*** Block opens ***

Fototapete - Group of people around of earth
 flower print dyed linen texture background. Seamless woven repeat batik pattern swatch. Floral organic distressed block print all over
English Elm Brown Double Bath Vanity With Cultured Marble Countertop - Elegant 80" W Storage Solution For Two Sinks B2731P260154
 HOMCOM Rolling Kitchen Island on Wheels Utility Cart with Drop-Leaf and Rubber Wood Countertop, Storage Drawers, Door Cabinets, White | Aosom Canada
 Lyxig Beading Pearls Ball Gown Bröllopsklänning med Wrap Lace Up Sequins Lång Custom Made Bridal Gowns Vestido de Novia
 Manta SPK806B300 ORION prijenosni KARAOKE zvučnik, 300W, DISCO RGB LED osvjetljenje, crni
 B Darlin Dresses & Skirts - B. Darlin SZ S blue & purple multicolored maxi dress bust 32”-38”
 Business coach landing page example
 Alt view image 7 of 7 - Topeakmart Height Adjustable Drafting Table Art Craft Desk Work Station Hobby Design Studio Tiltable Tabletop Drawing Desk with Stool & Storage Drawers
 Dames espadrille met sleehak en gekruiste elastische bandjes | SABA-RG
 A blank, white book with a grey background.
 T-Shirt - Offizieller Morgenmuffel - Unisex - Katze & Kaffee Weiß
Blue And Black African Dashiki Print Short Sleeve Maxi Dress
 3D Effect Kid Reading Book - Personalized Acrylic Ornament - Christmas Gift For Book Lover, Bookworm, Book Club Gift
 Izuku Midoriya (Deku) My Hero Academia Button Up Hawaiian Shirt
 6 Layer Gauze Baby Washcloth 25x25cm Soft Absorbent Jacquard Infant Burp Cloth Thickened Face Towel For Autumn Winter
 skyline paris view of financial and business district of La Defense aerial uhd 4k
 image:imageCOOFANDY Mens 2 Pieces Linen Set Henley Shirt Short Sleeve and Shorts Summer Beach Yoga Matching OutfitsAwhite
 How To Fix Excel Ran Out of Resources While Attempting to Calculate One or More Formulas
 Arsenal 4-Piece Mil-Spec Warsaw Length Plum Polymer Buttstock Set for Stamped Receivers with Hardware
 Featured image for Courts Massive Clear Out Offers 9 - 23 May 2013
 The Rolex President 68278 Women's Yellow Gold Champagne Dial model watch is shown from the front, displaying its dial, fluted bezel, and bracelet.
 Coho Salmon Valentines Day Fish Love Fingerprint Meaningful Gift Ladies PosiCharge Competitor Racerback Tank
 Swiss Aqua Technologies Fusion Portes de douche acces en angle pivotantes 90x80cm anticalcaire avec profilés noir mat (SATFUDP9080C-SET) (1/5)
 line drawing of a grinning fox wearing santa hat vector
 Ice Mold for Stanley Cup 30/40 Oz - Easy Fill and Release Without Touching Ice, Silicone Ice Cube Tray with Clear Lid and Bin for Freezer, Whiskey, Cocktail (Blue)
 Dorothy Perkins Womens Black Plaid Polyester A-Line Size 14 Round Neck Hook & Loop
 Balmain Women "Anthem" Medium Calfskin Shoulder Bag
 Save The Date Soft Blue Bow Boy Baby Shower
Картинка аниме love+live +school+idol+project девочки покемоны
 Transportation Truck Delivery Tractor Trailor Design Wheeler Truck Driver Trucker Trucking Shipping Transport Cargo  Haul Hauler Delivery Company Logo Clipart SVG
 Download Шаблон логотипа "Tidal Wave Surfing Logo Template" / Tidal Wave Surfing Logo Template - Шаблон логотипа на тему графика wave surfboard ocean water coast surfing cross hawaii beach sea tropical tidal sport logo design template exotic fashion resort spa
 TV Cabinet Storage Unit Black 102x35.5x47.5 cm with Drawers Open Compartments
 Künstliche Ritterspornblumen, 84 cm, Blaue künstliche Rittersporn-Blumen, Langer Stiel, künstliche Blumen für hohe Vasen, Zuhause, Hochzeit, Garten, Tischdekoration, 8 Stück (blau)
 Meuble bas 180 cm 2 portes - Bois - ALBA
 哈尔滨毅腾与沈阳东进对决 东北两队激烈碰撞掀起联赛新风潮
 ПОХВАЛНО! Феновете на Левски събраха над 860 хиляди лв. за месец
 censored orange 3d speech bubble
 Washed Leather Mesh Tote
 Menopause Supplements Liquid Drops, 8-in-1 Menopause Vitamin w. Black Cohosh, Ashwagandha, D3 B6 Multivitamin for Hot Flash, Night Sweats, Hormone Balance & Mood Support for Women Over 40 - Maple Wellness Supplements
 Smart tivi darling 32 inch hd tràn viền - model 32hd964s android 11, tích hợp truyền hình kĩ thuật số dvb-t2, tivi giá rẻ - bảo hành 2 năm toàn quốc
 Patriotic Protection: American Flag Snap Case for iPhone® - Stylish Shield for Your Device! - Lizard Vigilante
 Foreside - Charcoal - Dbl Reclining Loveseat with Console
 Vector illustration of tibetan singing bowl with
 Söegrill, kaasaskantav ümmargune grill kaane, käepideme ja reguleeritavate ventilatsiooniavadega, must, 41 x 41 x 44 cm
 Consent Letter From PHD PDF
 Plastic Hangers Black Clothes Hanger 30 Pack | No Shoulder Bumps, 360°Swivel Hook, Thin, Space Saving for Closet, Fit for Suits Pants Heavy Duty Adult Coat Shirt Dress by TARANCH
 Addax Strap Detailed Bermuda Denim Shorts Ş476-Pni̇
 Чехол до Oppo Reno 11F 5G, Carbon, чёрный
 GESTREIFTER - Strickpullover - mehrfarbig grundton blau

*** Block closes ***

§ **Work request**: Send back exactly, with nothing added, the lines from the first line of the material above through the line holding "HOMCOM Rolling Kitchen"; both ends are included.

§ **Answer below**:
Fototapete - Group of people around of earth
 flower print dyed linen texture background. Seamless woven repeat batik pattern swatch. Floral organic distressed block print all over
English Elm Brown Double Bath Vanity With Cultured Marble Countertop - Elegant 80" W Storage Solution For Two Sinks B2731P260154
 HOMCOM Rolling Kitchen Island on Wheels Utility Cart with Drop-Leaf and Rubber Wood Countertop, Storage Drawers, Door Cabinets, White | Aosom Canada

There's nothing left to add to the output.